Nombreux sont ceux qui, à sa place, auraient sombré dans le nihilisme criminel. Mais la volonté est toute puissante, c’est elle qui forge le destin des hommes malgré les obstacles, leur permet de voir une lueur d’espoir dans les limbes les plus obscurs. Dans cet exil, le petit Louis eut la musique, discipline qu’il explora en passant du tambourin au cornet, instrument avec lequel il rejoignit ses premiers orchestres. Il devint vite un mercenaire apprécié du tout jeune mojo blues, pour lequel il accompagna notamment la grande Ma Rainey, mère de tous les bluesmen.
Pour le musicien, choisir son instrument est un peu comme choisir son chien, l’alchimie se crée sans que l’on comprenne pourquoi. Il suffit de marcher un peu dans la rue pour croiser ces hommes qui, à force de vivre avec leurs bêtes, finissent par développer de troublantes similitudes physiques. Le gros développe des joues presque aussi tombantes que celle de son bulldog, un jeune en jogging a le regard aussi agressif que son rottweiler ne demandant qu’à mordre, la grand-mère a les cheveux frisés et la bonhomie servile de son bichon.
Pour Louis et sa trompette, l’harmonie fut aussi troublante, le souffle qu’elle exigeait donnant au visage une grimace burlesque qui lui allait si bien. Vinrent ainsi les grandes heures du Hot Seven, son orchestre inventant et défendant le jazz moderne. Sûr qu’il devait y repenser à ce parcours le grand Louis, quand il soufflait dans son instrument devant une foule admirative. Lorsque ses envolées lyriques furent reconnues comme l’expression éblouissante de tout un peuple, Louis Armstrong fut rebaptisé Satchmo.
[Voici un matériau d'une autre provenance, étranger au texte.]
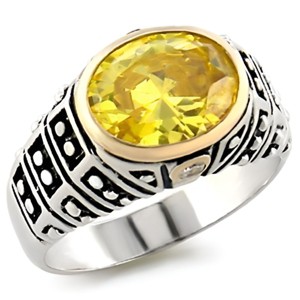 Slickblue Women's 925 Sterling Silver Ring with Topaz CZ, Reverse Two-Tone Design, Oval Solitaire Style, Sizes 5-9 - 1 of 3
Ce ne fut pas vraiment un titre, mais un sacre, un plébiscite, une canonisation. Il y eut d’autres présidents que Lester Young, d’autres comtes que Count Basie, d’autres duc que Duke Ellington, mais il n’y eut qu’un seul Satchmo.
[avec Grace Kelly, sur "High Society" 1956 =>] Dans la puritaine Amérique, tout nouveau dieu de la culture populaire impose son mythe dans les temples du music-business et d’Hollywood. C’est ainsi que le bienheureux Satchmo tourna avec la splendide Grace Kelly, donna la réplique à Bing Crosby et croisa un Sinatra qui lui devait tout. Satchmo n’était pas seulement une trompette et un sourire communicatif, c’était aussi une voix, un chant d’une virilité profonde et rassurante. Et cette voix chanta les joies simples et les grands bonheurs, donnait de la vie l’image émouvante et enthousiasmante d’une fête permanente.
Symbole de cette philosophie Dionysiaque, « It’s a wonderfull world » et « C’est si bon » sont depuis entrés dans le patrimoine musical de l’humanité. Satchmo initiait également cette belle manie qu’eut ensuite le jazz de se nourrir du répertoire populaire. Il faut admettre que cet exercice lui fut imposé par une maison de disque soucieuse de surfer sur les dernières modes. Mais, comme à chaque fois que l’on voulut l’enfermer, cet enfant terrible fit de cette contrainte une opportunité. Il soumit alors les partitions qu’on lui imposa à son excentricité, décala les notes et nourrit son chant de prononciations uniques, faisant ainsi de ses vieilles partitions et chansons la base d’un nouveau langage oral et musical.
Ce langage fait de chant grave et enjoué et de swing nonchalant, le grand Louis Armstrong le parla jusqu’à son dernier souffle. Il prouva ainsi, à sa façon, la véracité du principe selon lequel la volonté est toute puissante.
Schopenhauer n’aurait pas fait mieux.